The latter task meant, among other things, communicating large amounts of user data from server application to server application. capnp-encoded structures (sometimes big - but not necessarily) would also need to be transmitted; as would FDs.
The technical answers to these challenges are not necessarily rocket science. FDs can be transmitted via Unix domain socket as "ancillary data"; the POSIX `sendmsg()` API is hairy but usable. Small messages can be transmitted via Unix domain socket, or pipe, or POSIX MQ (etc.). Large blobs of data it would not be okay to transmit via those transports, as too much copying into and out of kernel buffers is involved and would add major latency, so we'd have to use shared memory (SHM). Certainly a hairy technology... but again, doable. And as for capnp - well - you "just" code a `MessageBuilder` implementation that allocates segments in SHM instead of regular heap like `capnp::MallocMessageBuilder` does.
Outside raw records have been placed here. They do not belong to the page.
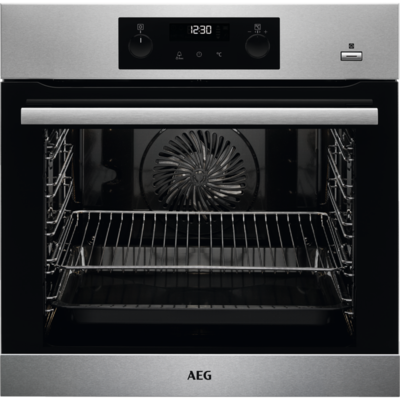 AEG BPS355020M SteamBake
Pyrolytic,  Stainless fascia, 
Multifunction oven with rotary
controls,  Tou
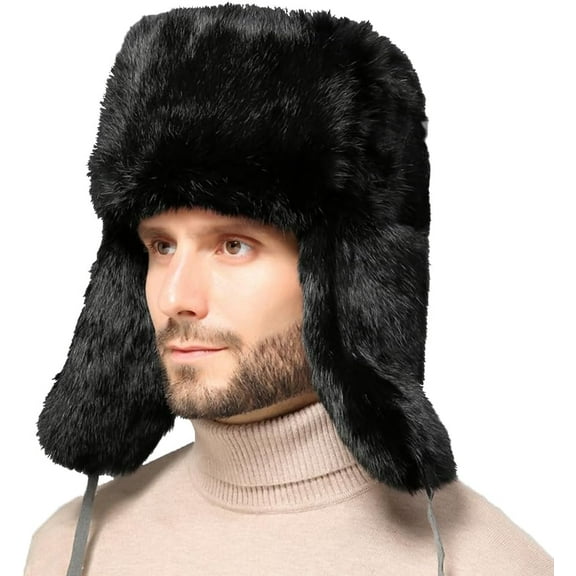 Earflap Trapper Hat for Winter Aviator Windproof Hat Ski Trooper Hat Cap Faux Rabbit Fur Cap for Men Women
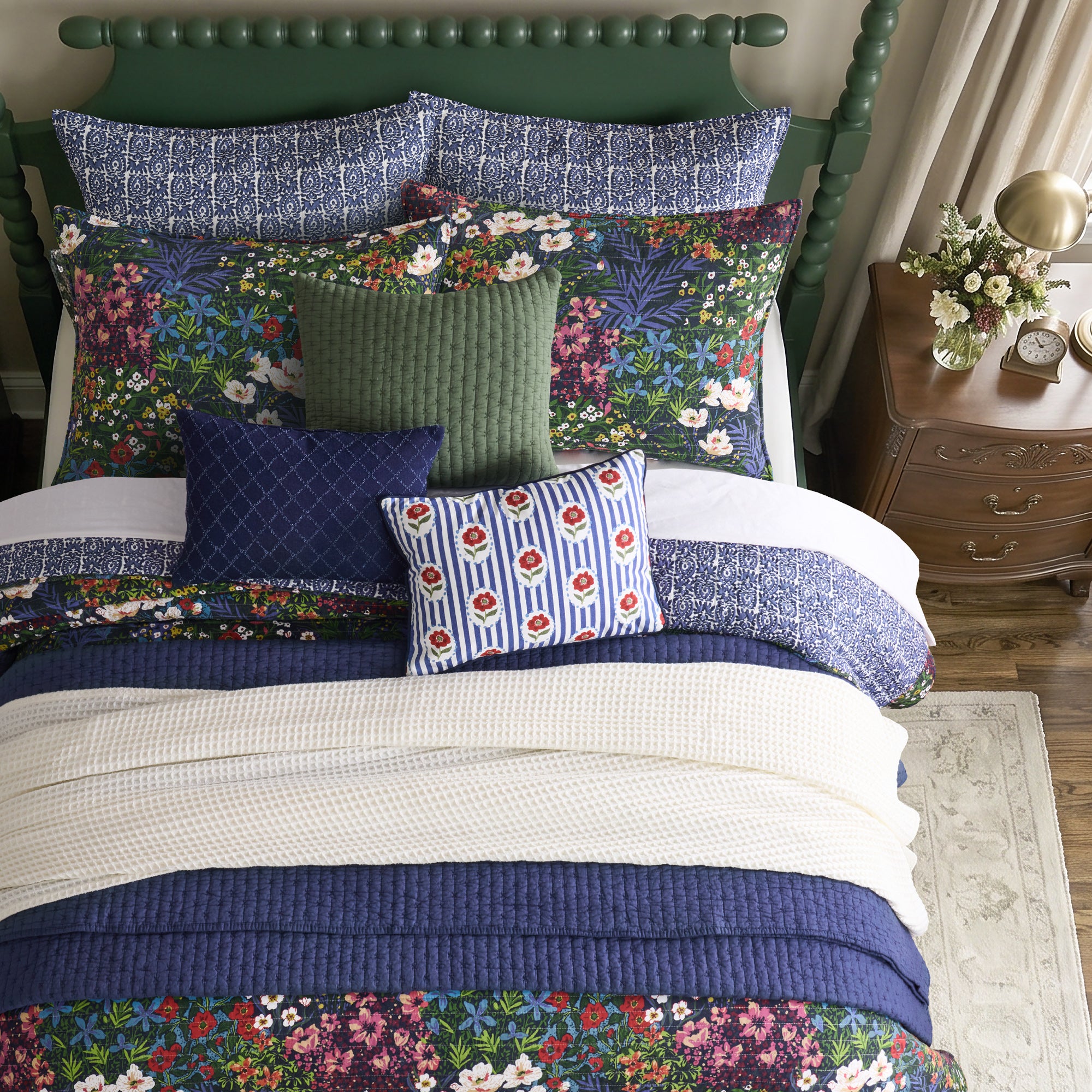 Heritage Bloom Frayed Diamond Denim Pillow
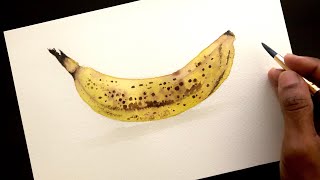 How To Paint A Banana In Watercolor Simple Steps: Still Life Realistic Watercolor Tutorial Beginners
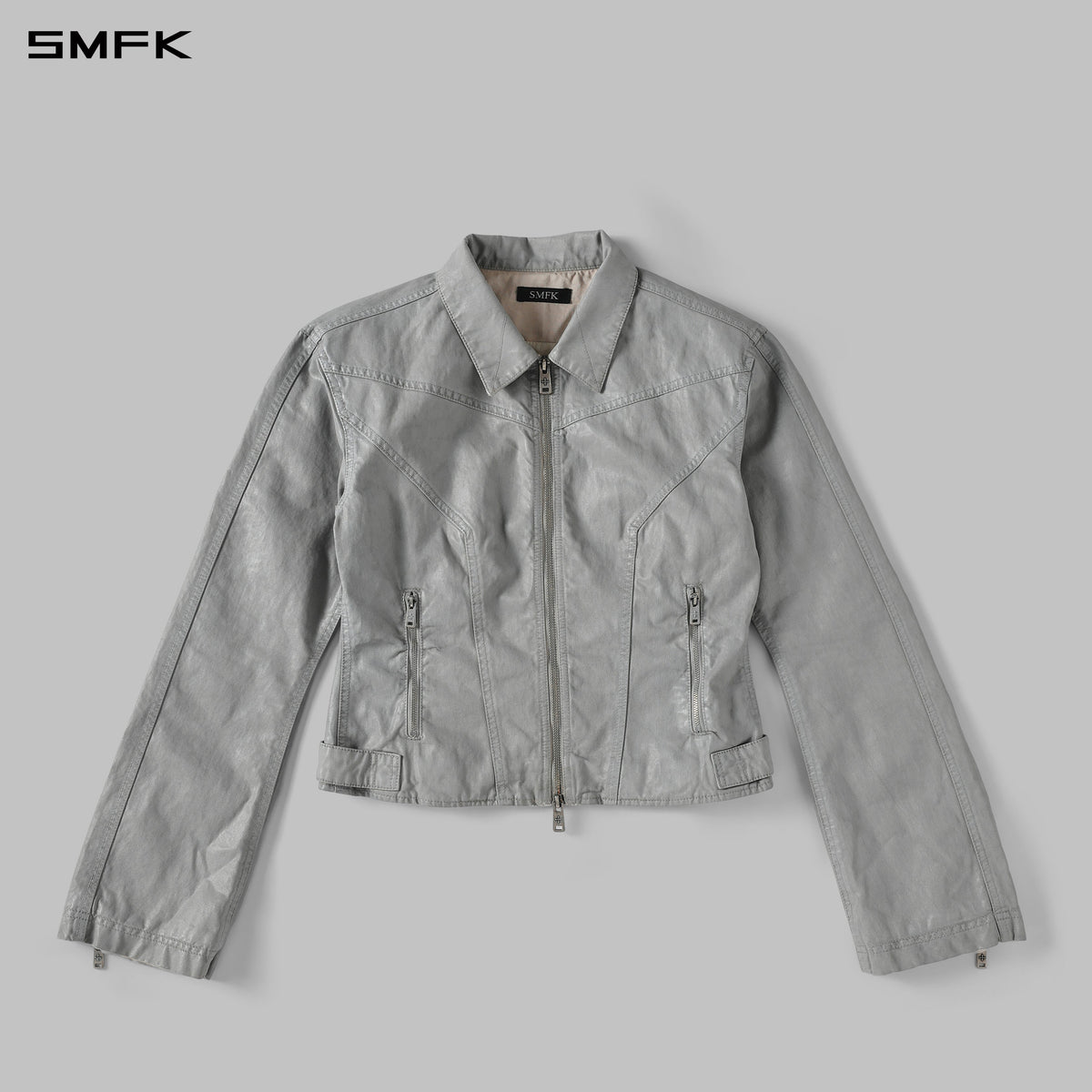 SMFK Myth Aeolus Symmetry Wax Slim Cargo Jacket Wax Cotton Cloud Grey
Thing is, I noticed that various parts of the company had similar needs. I've observed some variation of each of the aforementioned tasks custom-implemented - again, and again, and again. None of these implementations could really be reused anywhere else. Most of them ran into the same problems - none of which is that big a deal on its own, but together (and across projects) it more than adds up. To coders it's annoying. And to the business, it's expensive!
Plus, at least one thing actually proved to be technically quite hard. Sharing (via SHM) a native C++ structure involving STL containers and/or raw pointers: downright tough to achieve in a general way. At least with Boost.interprocess (https://www.boost.org/doc/libs/1_84_0/doc/html/interprocess....) - which is really quite thoughtful - one can accomplish a lot... but even then, there are key limitations, in terms of safety and ease of use/reusability. (I'm being a bit vague here... trying to keep the length under control.)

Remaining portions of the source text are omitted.